Re: [Corpora-List] Extracting only editorial content from a HTML page

From: Martin Thomas (martint@comp.leeds.ac.uk)
Date: Wed Aug 10 2005 - 10:09:53 MET DST

  • Next message: Paul Clough: "Re: [Corpora-List] Extracting only editorial content from a HTML page"

    Hi all,

    I have been playing with a very crude approach to this problem
    (extraction of boilerplate and other furniture such as
    header/footer/navigation panels), which I don't think anyone has
    mentioned here yet...

    First I extract the text from the HTML (I use lynx -dump for this).
    Next I count the number of times every line in the collection of files
    occurs. Then I (manually) scan through the generated list and set a
    more or less arbitrary threshold for filtering out the stuff I don't
    want, e.g. any line that occurs more than 10 times (keeping an eye out
    for lines which may have a high frequency for some other reason).

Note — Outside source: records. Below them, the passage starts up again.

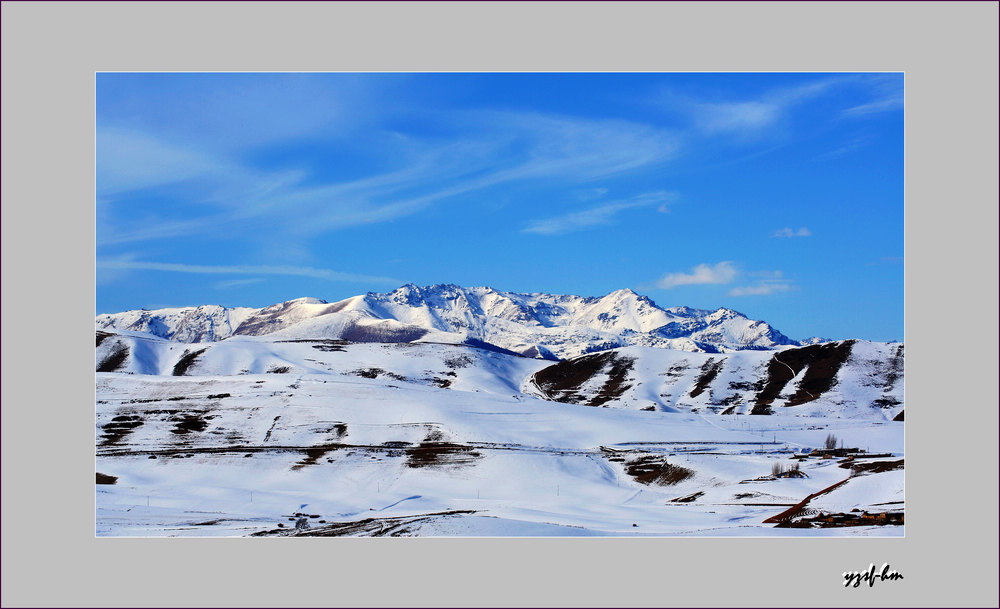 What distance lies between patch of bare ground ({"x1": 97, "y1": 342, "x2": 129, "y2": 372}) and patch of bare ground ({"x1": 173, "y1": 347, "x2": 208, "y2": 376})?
1170 centimetres

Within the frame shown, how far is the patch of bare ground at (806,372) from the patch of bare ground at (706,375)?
10.6 meters

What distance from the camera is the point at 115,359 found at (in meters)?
185

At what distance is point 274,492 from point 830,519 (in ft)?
143

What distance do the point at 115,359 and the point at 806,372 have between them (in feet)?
480

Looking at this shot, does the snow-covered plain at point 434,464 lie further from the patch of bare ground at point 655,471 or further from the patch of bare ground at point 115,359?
the patch of bare ground at point 115,359

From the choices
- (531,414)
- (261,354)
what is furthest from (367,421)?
(261,354)

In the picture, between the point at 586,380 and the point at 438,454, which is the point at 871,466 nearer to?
the point at 438,454

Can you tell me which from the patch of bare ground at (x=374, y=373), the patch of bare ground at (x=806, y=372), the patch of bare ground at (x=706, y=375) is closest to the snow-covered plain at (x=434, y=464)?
the patch of bare ground at (x=806, y=372)

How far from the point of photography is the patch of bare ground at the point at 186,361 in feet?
582

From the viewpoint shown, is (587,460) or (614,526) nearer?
(614,526)

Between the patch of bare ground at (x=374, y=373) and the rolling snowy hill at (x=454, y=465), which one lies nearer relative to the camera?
the rolling snowy hill at (x=454, y=465)

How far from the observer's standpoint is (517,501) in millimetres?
65438

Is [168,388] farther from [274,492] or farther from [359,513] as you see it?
[359,513]

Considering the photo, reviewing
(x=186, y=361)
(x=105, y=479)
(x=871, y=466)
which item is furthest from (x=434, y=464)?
(x=186, y=361) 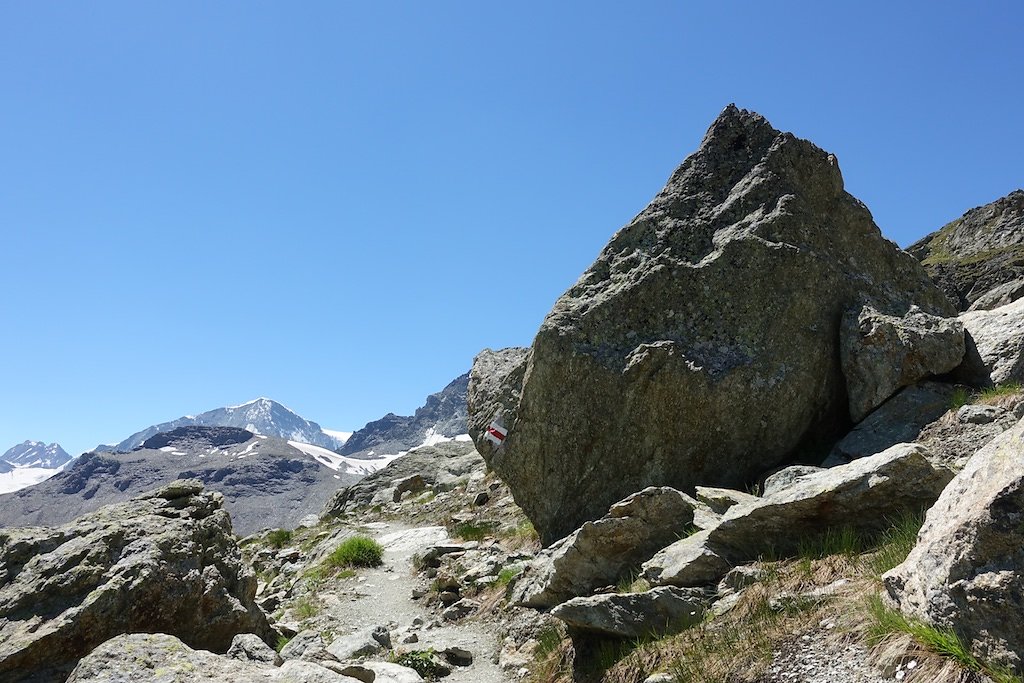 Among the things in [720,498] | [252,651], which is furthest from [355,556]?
[720,498]

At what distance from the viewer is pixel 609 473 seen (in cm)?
1288

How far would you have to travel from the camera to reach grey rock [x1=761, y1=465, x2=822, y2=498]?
954 centimetres

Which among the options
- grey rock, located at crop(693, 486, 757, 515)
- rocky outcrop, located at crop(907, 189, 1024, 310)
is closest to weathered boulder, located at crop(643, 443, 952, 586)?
grey rock, located at crop(693, 486, 757, 515)

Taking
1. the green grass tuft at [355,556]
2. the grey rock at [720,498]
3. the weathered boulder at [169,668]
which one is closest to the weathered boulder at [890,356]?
the grey rock at [720,498]

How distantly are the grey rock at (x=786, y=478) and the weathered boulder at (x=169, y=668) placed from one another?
6480mm

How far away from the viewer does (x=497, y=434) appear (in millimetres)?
14820

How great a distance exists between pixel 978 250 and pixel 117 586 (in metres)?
161

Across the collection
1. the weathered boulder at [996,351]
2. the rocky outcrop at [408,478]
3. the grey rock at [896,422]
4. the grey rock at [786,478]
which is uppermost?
the rocky outcrop at [408,478]

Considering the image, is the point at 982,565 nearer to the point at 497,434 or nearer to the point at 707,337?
the point at 707,337

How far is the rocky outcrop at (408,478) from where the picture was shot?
37.7 m

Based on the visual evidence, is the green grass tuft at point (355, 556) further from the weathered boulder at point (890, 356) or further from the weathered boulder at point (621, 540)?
the weathered boulder at point (890, 356)

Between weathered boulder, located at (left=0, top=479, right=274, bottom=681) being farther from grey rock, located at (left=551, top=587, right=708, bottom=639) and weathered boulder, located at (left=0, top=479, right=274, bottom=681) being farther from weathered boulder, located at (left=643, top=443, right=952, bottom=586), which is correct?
weathered boulder, located at (left=643, top=443, right=952, bottom=586)

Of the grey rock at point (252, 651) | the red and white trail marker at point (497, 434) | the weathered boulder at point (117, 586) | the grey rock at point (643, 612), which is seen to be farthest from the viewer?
the red and white trail marker at point (497, 434)

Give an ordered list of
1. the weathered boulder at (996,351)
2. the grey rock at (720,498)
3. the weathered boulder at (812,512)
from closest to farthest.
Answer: the weathered boulder at (812,512), the grey rock at (720,498), the weathered boulder at (996,351) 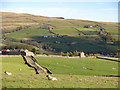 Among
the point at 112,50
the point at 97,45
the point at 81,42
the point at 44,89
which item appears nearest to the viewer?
the point at 44,89

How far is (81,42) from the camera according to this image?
186 metres

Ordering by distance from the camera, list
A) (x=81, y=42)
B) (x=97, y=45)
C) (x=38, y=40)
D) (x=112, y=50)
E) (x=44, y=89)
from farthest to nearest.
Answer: (x=38, y=40), (x=81, y=42), (x=97, y=45), (x=112, y=50), (x=44, y=89)

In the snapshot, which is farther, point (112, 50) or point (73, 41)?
point (73, 41)

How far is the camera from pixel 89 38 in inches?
7771

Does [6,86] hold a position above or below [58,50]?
above

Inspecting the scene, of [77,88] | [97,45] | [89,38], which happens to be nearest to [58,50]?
[97,45]

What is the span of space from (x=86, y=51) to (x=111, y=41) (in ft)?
108

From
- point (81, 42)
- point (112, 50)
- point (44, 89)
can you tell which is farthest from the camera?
point (81, 42)

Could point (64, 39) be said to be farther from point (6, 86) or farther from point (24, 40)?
point (6, 86)

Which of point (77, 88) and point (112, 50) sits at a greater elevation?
point (77, 88)

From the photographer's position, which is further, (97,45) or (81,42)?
(81,42)

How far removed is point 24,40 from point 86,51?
54522mm

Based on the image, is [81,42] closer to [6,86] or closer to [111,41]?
[111,41]

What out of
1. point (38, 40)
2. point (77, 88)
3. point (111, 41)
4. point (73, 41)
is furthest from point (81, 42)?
point (77, 88) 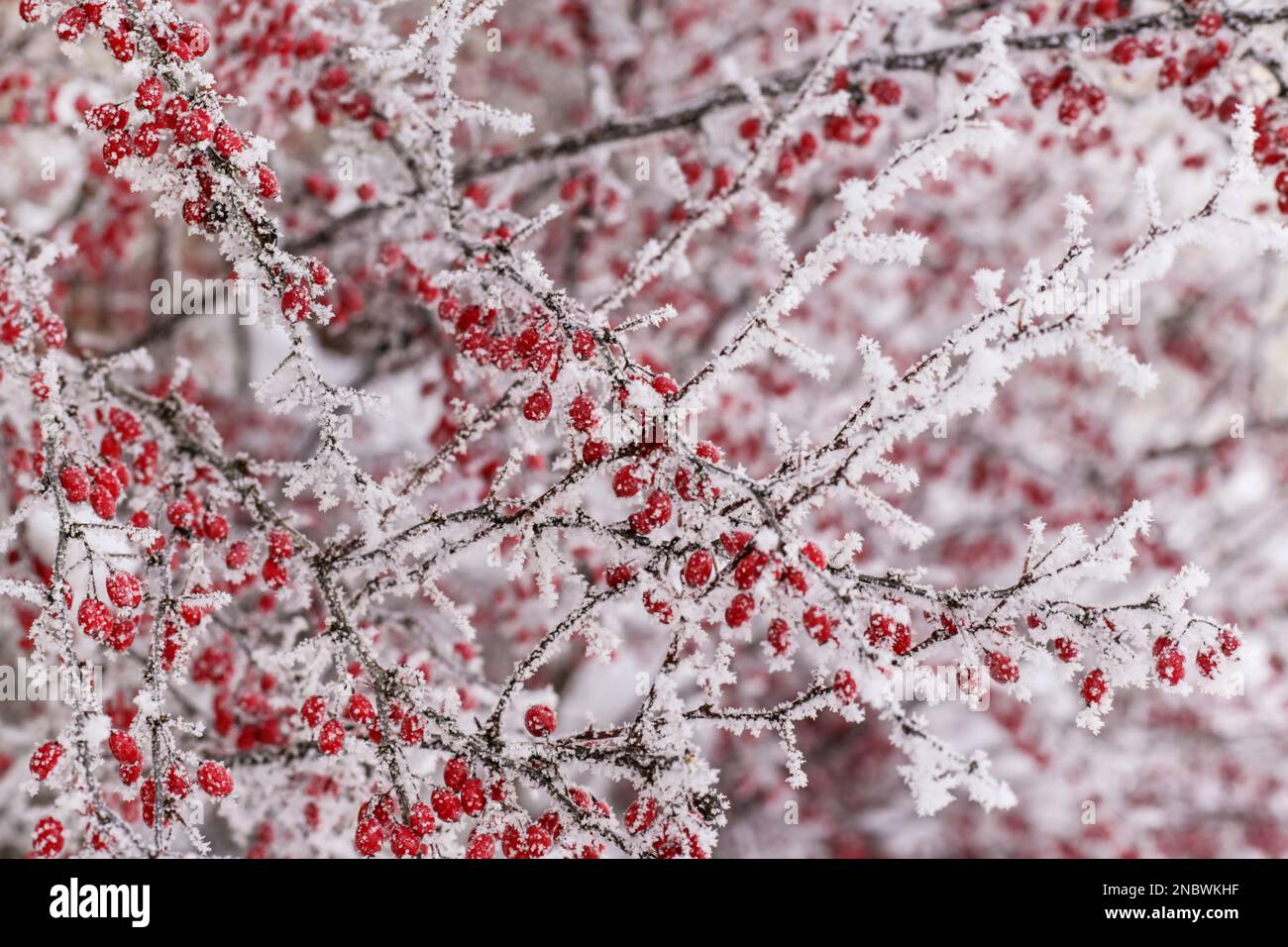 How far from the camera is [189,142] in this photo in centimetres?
174

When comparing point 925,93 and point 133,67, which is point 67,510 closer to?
point 133,67

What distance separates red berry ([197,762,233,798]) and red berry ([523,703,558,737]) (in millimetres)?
595

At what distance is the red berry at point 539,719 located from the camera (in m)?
1.92

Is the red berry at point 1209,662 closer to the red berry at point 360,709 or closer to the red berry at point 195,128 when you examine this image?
the red berry at point 360,709

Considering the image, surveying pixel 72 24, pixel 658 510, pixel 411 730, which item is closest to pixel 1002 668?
pixel 658 510

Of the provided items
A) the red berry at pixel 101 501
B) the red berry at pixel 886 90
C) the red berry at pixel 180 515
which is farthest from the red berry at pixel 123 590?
the red berry at pixel 886 90

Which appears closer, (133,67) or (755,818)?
(133,67)

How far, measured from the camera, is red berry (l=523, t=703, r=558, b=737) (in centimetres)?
192

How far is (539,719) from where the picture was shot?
1934 mm

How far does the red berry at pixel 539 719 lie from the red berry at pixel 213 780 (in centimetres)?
60

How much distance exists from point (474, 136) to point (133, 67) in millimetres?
1827

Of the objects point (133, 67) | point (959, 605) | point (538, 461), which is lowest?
point (959, 605) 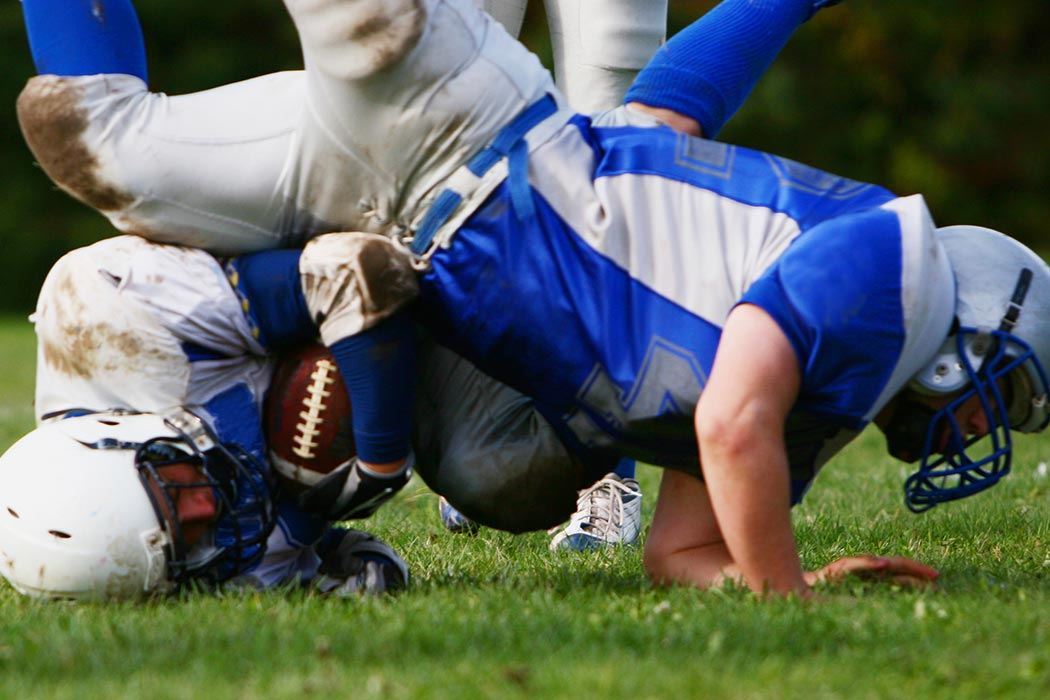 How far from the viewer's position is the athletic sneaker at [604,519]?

    This edited list is then used as a filter - all lines which feature in
    it are deleted from the collection of files.

    Despite its dirtiness, this might have certain advantages. It seems to
    work quite robustly and is very quick (at least, for modest corpora of
    ~1 million words). It allows you to remove things like "More >>" links
    which often occur at the end of paras, rather than in header/footer or
    navigation panels. Moreover, you are able to keep information about the
    frequency of boilerplate and furniture elements, while filtering them
    out of the main corpus.

    On the down side, it requires tailoring to each website from which you
    wish to collect data - which in our specific case happens not to be a
    problem. Some revision would be necessary if the corpus were to be
    updated with new material from a previously collected site. It is also
    likely that some things are cut which you might want to keep (e.g.
    frequent subheadings, which occur on many pages, whilst not coming under
    header/footer/navigation panel categories). Similarly, some unwanted
    text gets through.

    On the whole it seems to work well enough for us, though.

    Best,
    Martin Thomas

    Centre for Translation Studies
    University of Leeds

    PS - I hope this message doesn't appear twice - sorry if it does - I
    originally sent it from a non-member email account.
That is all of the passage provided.